Em Nova Friburgo, Região Serrana do Rio, o babalorixá Tatetu Simbilukaia, sacerdote de Candomblé (nação Angola) há seis anos, da casa Nzo Dia Ndandalunda Luango, avalia a medida como um passo importante na superação de desigualdades históricas:
Recebemos essa notícia com um profundo sentimento de reparação histórica e validação de cidadania. Por muito tempo, apenas os casamentos católicos ou evangélicos gozavam de prestígio e facilidade para o registro civil. Ver o casamento realizado no axé, sob as bênçãos dos orixás e guias, ter o mesmo peso jurídico perante o Estado é um reconhecimento essencial.
Como funciona o reconhecimento
De acordo com a nova lei, a celebração religiosa poderá gerar efeitos civis desde que seja emitida uma declaração de casamento religioso assinada por autoridade reconhecida da Umbanda ou do Candomblé.
O documento deverá conter informações como nome completo, CPF, identidade e endereço dos noivos, além da data, local e horário da cerimônia, identificação do celebrante, do templo ou terreiro e a assinatura de, pelo menos, duas testemunhas da comunidade.
Essa declaração deverá ser encaminhada ao Cartório de Registro Civil das Pessoas Naturais, junto com os demais documentos exigidos pela legislação federal, como previsto no Código Civil e na Lei dos Registros Públicos.
O objetivo, segundo o texto original do parlamentar, é assegurar princípios constitucionais como liberdade religiosa, dignidade da pessoa humana, igualdade e proteção à diversidade cultural.
Impacto nas comunidades religiosas
Na avaliação do sacerdote Tatetu Simbilukaia, a mudança vai além de uma formalidade administrativa:
Não se trata apenas de um trâmite burocrático. É um ato de justiça e respeito à espiritualidade dos ancestrais. Permite que os fiéis formalizem suas famílias dentro das próprias tradições, sem precisar recorrer a ritos que não representam sua fé.
Segundo ele, na prática, a lei ajuda a enfrentar o que chama de "marginalização institucional" sofrida pelas religiões de matriz africana:
Ainda estamos longe de um culto plenamente livre, mas agora caminhamos em direção ao fim dessa marginalização. O reconhecimento fortalece a proteção dos terreiros contra o racismo religioso e garante que nossas casas sejam vistas como instituições religiosas legítimas, com direitos e deveres iguais.
Autoridades religiosas reconhecidas
A legislação também define quem pode ser considerado autoridade religiosa habilitada para emitir a declaração de casamento.
Estão incluídos sacerdotes e sacerdotisas, babalorixás, ialorixás, pais e mães de santo, chefes de terreiro e outras lideranças espirituais tradicionalmente reconhecidas pelas comunidades.

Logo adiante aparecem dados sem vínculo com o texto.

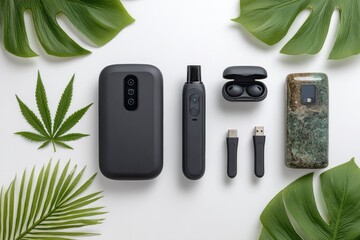 Flat lay of assorted tech accessories surrounded by tropical leaves.  Dark gray/black phone case, vape pen, earbuds, charging accessories, and a textured phone,  on a white background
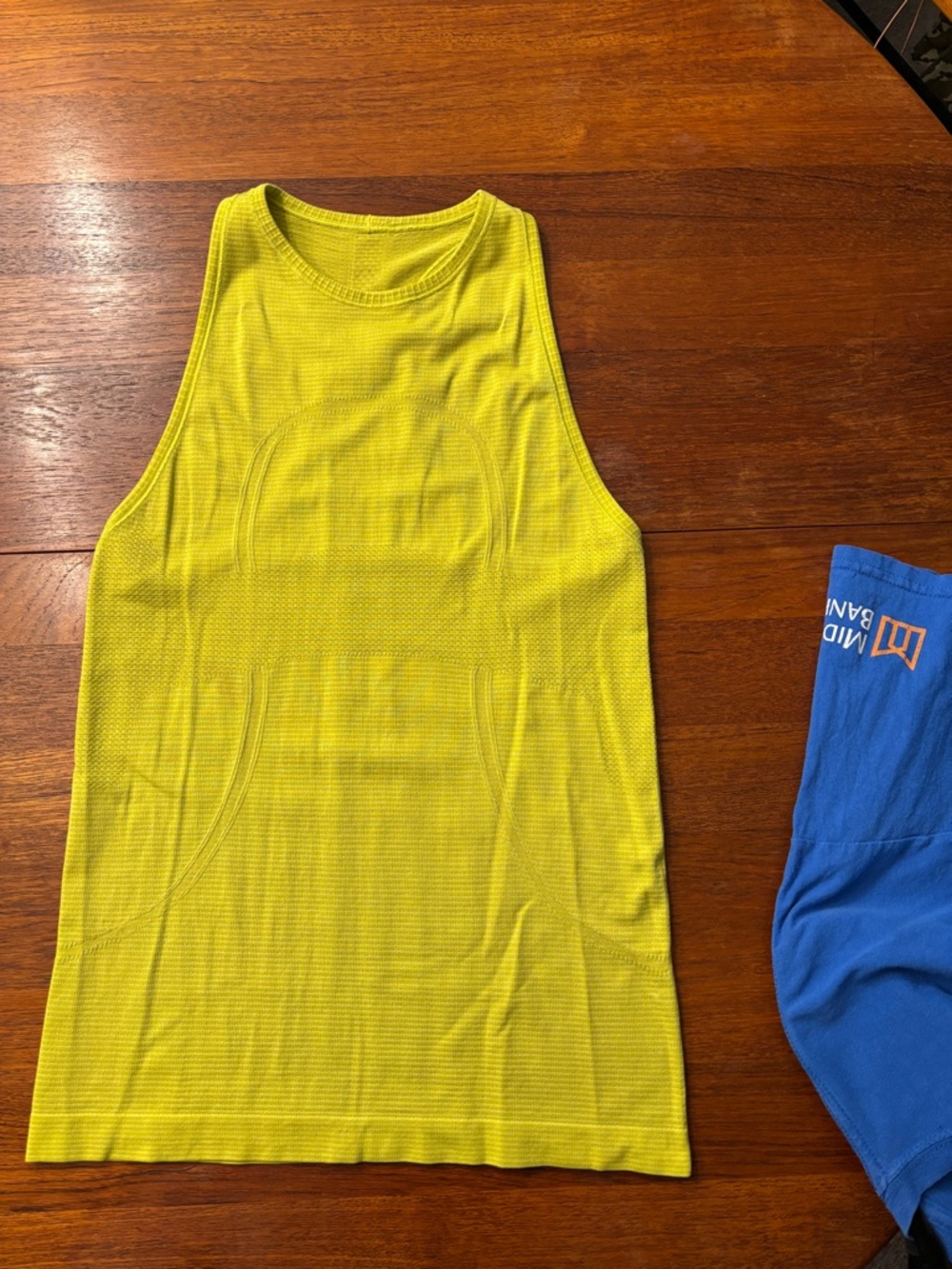 lululemon athletica high neck Yellow Tank Top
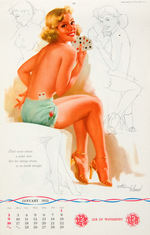 "ARTIST'S SKETCH PAD/GAMING BY WHITHERS" PIN-UP CALENDAR WITH GAMBLING THEME.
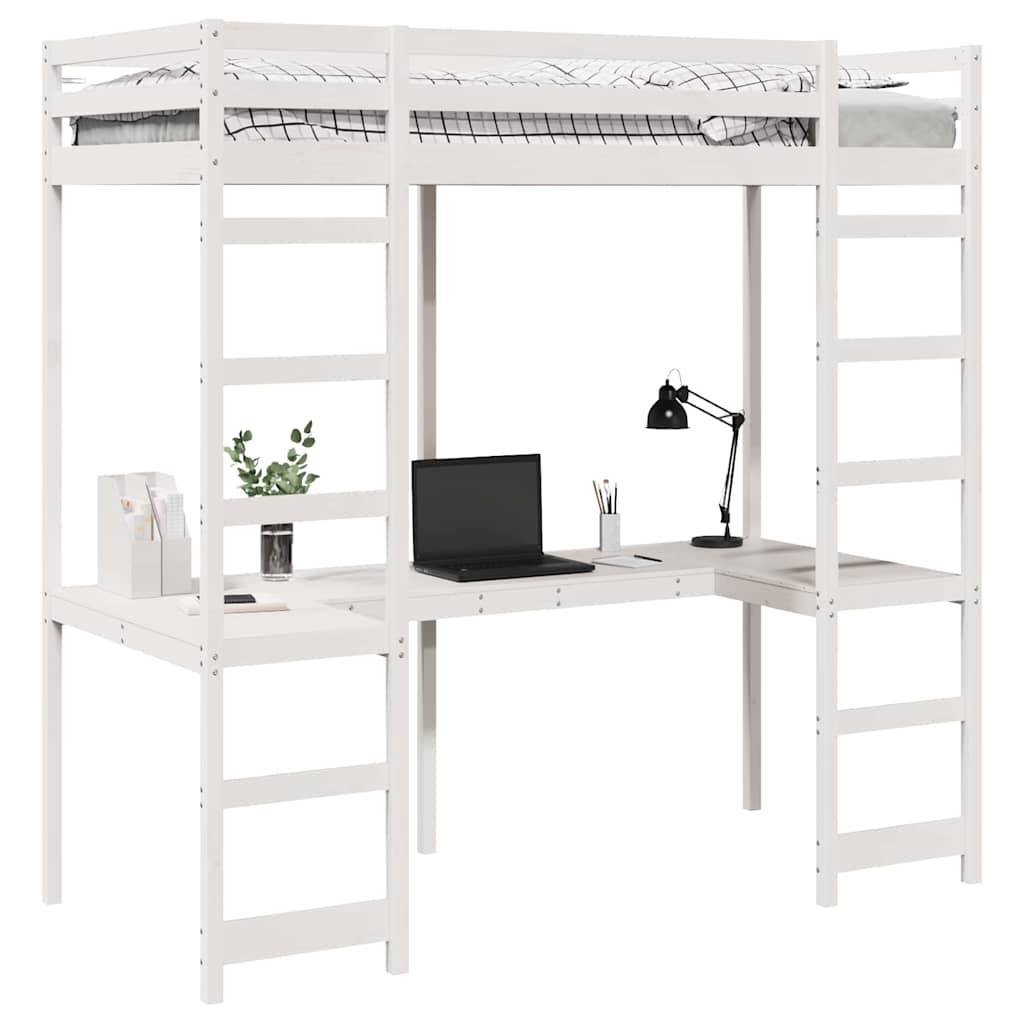 Hochbett mit integriertem Schreibtisch darunter; beinhaltet einen Laptop, eine Lampe und eine Pflanze, mit Leitern an beiden Seiten zum Zugang zum Bett.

Esse reconhecimento respeita os critérios internos das próprias tradições religiosas, sem interferência do Estado, preservando a autonomia espiritual e organizacional das casas de Umbanda e Candomblé.
Vetos do Executivo
Apesar da sanção, o governador Cláudio Castro (PL) vetou dois dispositivos do texto aprovado pela Alerj.
Um deles previa punição às serventias extrajudiciais que se recusassem, de forma discriminatória, a receber ou processar documentos relativos aos casamentos religiosos dessas tradições.
Segundo o governo, o trecho invadia competência legislativa exclusiva da União sobre registros públicos.
Outro veto atingiu o artigo que autorizava ações educativas, campanhas informativas e capacitação de agentes públicos sobre diversidade religiosa, sob o argumento de violação ao princípio da separação dos poderes.
Mesmo com os vetos, parlamentares e representantes religiosos avaliam a lei como um marco.
Para o deputado Átila Nunes, o estado do Rio se torna "pioneiro ao reconhecer os efeitos civis de casamentos celebrados na Umbanda e no Candomblé".
Já para as comunidades de terreiro, como ressalta Tatetu Simbilukaia, o momento é de conquista, mas também de vigilância:
Nossas religiões são tão legítimas e sagradas quanto qualquer outra. É um passo decisivo para que os povos de terreiro deixem de ser vistos como 'folclore' e passem a ser respeitados como instituições religiosas plenas em seus direitos e deveres.